_What you have to do_.
Transcribe exactly everything in the data below from the line containing "UA ユナイテッド航空 デンバー" down to the line containing "Homenatge a les víctimes del 18O a Cambrils", both lines included and nothing further.

--------

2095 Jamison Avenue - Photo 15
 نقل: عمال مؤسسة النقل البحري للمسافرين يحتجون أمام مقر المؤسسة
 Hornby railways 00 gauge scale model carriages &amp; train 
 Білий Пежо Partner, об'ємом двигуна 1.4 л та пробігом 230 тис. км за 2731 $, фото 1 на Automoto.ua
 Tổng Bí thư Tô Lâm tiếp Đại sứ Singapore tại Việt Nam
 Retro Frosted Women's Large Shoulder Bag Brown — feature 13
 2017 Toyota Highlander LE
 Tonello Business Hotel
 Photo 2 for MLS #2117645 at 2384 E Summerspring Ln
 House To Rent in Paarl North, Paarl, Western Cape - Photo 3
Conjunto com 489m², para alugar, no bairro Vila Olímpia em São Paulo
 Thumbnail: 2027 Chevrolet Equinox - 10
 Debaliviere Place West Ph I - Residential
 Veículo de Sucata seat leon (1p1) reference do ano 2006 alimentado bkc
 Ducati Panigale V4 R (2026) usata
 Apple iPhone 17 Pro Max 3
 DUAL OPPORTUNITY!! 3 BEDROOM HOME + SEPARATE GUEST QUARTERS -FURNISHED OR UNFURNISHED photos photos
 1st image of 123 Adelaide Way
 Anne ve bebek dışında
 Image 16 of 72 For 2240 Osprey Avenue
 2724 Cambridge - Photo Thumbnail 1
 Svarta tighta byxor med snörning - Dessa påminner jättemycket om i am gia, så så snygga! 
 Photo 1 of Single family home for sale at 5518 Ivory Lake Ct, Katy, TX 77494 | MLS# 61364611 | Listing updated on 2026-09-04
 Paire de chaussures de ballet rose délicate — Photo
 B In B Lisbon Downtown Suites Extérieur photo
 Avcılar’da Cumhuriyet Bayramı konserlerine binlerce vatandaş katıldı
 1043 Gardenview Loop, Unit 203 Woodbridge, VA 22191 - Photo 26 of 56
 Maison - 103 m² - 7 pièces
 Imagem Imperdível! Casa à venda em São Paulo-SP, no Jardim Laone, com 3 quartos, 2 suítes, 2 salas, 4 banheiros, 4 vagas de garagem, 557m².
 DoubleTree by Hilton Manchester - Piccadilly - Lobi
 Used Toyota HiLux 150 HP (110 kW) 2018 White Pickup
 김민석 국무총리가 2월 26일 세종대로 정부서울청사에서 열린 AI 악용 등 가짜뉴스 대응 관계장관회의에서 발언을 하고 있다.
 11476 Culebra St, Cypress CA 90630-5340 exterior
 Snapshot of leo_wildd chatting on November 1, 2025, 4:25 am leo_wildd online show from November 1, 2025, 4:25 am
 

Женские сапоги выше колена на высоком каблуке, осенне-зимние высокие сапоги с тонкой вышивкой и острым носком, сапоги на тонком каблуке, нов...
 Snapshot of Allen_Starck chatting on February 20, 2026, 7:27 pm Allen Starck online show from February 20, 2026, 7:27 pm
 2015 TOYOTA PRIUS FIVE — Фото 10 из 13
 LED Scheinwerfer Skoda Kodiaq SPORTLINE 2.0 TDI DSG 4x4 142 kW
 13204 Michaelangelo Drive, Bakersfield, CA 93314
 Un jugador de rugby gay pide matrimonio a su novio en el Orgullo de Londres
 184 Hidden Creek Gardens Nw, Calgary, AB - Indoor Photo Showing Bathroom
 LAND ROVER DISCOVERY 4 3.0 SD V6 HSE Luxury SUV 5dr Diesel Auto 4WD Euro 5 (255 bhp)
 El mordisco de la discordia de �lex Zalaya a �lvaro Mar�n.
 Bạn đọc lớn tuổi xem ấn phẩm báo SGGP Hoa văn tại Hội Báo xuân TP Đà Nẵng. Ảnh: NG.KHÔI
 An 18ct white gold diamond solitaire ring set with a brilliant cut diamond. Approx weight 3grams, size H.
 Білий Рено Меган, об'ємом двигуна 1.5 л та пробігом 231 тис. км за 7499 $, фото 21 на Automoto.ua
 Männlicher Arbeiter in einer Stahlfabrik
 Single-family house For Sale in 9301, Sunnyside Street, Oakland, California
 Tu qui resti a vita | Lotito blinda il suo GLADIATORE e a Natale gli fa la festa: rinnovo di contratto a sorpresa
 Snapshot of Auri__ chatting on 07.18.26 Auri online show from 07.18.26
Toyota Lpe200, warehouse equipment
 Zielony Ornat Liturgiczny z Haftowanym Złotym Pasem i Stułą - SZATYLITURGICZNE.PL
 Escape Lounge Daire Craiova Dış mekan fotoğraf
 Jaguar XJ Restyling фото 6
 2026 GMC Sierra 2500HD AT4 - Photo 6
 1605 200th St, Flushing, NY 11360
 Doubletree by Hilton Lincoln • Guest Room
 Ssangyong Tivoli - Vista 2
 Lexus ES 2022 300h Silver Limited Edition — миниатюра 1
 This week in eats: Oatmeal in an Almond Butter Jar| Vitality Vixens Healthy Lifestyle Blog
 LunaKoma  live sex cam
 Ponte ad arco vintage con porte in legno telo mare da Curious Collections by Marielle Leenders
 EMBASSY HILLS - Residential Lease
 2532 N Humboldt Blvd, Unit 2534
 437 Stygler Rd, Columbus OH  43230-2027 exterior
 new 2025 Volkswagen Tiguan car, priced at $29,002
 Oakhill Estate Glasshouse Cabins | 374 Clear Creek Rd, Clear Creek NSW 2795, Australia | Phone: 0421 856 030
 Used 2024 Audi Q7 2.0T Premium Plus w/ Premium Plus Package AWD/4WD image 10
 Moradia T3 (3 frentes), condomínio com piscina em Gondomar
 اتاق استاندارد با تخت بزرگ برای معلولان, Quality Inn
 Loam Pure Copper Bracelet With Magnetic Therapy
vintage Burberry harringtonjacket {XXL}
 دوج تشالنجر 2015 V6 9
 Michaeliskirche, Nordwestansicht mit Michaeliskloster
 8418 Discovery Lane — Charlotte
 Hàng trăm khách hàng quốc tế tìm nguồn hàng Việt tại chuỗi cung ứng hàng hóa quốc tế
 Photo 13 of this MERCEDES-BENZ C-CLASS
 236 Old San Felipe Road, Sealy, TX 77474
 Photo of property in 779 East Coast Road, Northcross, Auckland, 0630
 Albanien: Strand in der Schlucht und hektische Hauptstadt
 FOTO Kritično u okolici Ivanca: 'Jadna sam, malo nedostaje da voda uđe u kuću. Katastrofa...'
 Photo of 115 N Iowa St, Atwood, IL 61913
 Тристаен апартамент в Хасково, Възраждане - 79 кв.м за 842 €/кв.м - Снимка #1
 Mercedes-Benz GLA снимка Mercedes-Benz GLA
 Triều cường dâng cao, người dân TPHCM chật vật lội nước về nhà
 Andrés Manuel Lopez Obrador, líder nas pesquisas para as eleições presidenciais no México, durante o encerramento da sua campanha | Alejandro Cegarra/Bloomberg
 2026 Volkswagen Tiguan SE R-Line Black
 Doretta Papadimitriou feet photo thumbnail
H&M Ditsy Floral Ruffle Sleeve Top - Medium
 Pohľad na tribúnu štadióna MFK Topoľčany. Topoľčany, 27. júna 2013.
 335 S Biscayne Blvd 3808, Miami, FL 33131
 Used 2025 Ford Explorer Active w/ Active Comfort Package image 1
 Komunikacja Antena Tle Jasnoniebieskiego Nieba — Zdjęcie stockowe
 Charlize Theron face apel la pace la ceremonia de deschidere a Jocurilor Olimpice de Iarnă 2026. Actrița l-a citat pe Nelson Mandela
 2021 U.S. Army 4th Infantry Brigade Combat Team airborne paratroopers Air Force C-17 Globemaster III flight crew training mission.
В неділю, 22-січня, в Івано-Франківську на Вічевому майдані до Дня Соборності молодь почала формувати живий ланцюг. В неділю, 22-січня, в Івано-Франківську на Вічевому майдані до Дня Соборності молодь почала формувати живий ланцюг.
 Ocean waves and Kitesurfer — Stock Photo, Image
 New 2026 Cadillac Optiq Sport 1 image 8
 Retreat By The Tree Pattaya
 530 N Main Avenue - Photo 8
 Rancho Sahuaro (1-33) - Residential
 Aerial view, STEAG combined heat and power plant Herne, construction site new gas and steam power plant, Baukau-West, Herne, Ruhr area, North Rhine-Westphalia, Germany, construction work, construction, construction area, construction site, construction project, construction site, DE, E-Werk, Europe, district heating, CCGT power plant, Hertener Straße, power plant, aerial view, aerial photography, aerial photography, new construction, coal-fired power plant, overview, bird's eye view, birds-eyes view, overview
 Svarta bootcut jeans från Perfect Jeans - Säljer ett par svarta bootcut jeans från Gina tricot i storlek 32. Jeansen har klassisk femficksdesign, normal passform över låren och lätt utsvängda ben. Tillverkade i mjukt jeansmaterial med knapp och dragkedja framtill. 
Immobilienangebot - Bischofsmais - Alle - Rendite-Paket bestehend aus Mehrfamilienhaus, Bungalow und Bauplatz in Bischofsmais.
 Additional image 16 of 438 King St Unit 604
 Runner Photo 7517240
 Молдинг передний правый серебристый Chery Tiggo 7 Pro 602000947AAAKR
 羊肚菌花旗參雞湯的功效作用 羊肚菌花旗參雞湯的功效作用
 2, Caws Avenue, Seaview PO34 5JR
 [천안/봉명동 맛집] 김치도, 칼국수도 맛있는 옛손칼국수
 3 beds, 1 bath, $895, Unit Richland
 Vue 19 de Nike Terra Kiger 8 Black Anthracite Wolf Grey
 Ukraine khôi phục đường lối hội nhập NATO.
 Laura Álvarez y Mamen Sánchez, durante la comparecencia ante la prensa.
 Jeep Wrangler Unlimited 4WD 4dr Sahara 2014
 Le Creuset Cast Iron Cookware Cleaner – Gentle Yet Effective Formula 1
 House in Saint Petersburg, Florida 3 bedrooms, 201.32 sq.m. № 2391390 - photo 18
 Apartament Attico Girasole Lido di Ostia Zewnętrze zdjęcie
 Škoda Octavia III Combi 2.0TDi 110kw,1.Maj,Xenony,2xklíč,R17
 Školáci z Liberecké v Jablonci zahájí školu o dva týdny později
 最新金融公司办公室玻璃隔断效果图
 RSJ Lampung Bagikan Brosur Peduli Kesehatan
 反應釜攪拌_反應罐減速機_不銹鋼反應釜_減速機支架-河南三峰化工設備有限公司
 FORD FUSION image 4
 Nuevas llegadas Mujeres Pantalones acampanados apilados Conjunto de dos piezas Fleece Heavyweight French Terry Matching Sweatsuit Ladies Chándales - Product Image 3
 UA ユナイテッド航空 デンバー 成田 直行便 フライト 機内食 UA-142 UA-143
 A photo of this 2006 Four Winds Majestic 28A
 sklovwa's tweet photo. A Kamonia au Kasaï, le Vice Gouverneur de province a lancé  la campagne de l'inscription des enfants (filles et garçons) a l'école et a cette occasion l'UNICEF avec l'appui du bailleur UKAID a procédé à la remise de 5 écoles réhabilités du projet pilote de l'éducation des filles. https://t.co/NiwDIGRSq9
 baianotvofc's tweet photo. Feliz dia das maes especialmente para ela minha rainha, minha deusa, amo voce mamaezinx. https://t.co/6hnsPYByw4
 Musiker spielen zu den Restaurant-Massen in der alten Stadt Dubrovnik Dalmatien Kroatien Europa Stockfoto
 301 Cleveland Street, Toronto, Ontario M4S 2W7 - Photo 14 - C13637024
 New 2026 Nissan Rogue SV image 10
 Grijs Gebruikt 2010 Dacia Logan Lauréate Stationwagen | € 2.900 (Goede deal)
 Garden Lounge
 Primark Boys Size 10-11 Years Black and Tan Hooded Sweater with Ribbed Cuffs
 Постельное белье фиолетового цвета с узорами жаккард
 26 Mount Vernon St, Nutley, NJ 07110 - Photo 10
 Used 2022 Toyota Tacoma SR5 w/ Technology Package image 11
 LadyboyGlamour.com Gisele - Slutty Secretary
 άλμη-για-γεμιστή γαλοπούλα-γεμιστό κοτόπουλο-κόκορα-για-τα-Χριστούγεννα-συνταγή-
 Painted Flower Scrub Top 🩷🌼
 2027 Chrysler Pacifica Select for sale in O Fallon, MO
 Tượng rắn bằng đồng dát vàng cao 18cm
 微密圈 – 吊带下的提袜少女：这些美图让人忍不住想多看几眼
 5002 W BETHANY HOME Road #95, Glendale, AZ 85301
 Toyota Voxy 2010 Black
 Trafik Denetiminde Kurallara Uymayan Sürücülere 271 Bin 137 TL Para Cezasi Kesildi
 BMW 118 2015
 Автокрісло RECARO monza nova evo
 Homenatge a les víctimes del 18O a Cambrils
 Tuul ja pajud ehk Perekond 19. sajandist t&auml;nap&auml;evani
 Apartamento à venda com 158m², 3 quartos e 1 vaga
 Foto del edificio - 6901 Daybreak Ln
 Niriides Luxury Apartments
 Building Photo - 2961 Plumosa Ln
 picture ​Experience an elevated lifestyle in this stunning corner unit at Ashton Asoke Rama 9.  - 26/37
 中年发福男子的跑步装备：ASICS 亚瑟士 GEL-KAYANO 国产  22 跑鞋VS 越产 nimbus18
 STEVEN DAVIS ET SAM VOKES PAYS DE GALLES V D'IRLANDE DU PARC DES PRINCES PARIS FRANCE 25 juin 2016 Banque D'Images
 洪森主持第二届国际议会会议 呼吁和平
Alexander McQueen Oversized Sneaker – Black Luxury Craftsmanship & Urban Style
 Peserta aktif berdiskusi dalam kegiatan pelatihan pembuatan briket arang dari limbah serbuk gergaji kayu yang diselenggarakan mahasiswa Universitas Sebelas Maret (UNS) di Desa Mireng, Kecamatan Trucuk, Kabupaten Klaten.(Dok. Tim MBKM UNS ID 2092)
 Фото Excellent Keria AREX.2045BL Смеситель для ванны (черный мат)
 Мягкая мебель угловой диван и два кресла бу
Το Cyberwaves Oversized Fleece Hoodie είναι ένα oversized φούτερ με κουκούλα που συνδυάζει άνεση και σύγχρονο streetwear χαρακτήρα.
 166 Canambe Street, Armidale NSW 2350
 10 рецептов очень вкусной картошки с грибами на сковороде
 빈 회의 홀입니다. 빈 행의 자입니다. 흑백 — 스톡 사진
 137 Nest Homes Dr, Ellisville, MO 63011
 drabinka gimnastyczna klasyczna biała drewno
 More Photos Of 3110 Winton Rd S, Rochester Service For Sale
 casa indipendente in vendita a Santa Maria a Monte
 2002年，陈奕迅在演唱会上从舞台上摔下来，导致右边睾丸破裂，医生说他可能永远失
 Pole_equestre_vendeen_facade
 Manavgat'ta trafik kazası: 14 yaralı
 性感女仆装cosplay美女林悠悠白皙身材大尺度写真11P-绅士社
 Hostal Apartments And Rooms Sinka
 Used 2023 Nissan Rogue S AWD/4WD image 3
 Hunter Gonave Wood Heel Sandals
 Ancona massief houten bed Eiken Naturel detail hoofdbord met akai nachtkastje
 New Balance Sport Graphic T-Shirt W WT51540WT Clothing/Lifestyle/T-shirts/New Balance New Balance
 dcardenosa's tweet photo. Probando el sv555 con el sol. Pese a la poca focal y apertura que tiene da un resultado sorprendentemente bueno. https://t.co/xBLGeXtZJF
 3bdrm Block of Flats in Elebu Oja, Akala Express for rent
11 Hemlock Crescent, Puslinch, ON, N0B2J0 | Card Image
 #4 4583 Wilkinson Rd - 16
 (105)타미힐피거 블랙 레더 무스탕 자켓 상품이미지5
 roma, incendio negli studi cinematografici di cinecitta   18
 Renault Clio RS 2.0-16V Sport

--------

_Reply to the exercise_.
 UA ユナイテッド航空 デンバー 成田 直行便 フライト 機内食 UA-142 UA-143
 A photo of this 2006 Four Winds Majestic 28A
 sklovwa's tweet photo. A Kamonia au Kasaï, le Vice Gouverneur de province a lancé  la campagne de l'inscription des enfants (filles et garçons) a l'école et a cette occasion l'UNICEF avec l'appui du bailleur UKAID a procédé à la remise de 5 écoles réhabilités du projet pilote de l'éducation des filles. https://t.co/NiwDIGRSq9
 baianotvofc's tweet photo. Feliz dia das maes especialmente para ela minha rainha, minha deusa, amo voce mamaezinx. https://t.co/6hnsPYByw4
 Musiker spielen zu den Restaurant-Massen in der alten Stadt Dubrovnik Dalmatien Kroatien Europa Stockfoto
 301 Cleveland Street, Toronto, Ontario M4S 2W7 - Photo 14 - C13637024
 New 2026 Nissan Rogue SV image 10
 Grijs Gebruikt 2010 Dacia Logan Lauréate Stationwagen | € 2.900 (Goede deal)
 Garden Lounge
 Primark Boys Size 10-11 Years Black and Tan Hooded Sweater with Ribbed Cuffs
 Постельное белье фиолетового цвета с узорами жаккард
 26 Mount Vernon St, Nutley, NJ 07110 - Photo 10
 Used 2022 Toyota Tacoma SR5 w/ Technology Package image 11
 LadyboyGlamour.com Gisele - Slutty Secretary
 άλμη-για-γεμιστή γαλοπούλα-γεμιστό κοτόπουλο-κόκορα-για-τα-Χριστούγεννα-συνταγή-
 Painted Flower Scrub Top 🩷🌼
 2027 Chrysler Pacifica Select for sale in O Fallon, MO
 Tượng rắn bằng đồng dát vàng cao 18cm
 微密圈 – 吊带下的提袜少女：这些美图让人忍不住想多看几眼
 5002 W BETHANY HOME Road #95, Glendale, AZ 85301
 Toyota Voxy 2010 Black
 Trafik Denetiminde Kurallara Uymayan Sürücülere 271 Bin 137 TL Para Cezasi Kesildi
 BMW 118 2015
 Автокрісло RECARO monza nova evo
 Homenatge a les víctimes del 18O a Cambrils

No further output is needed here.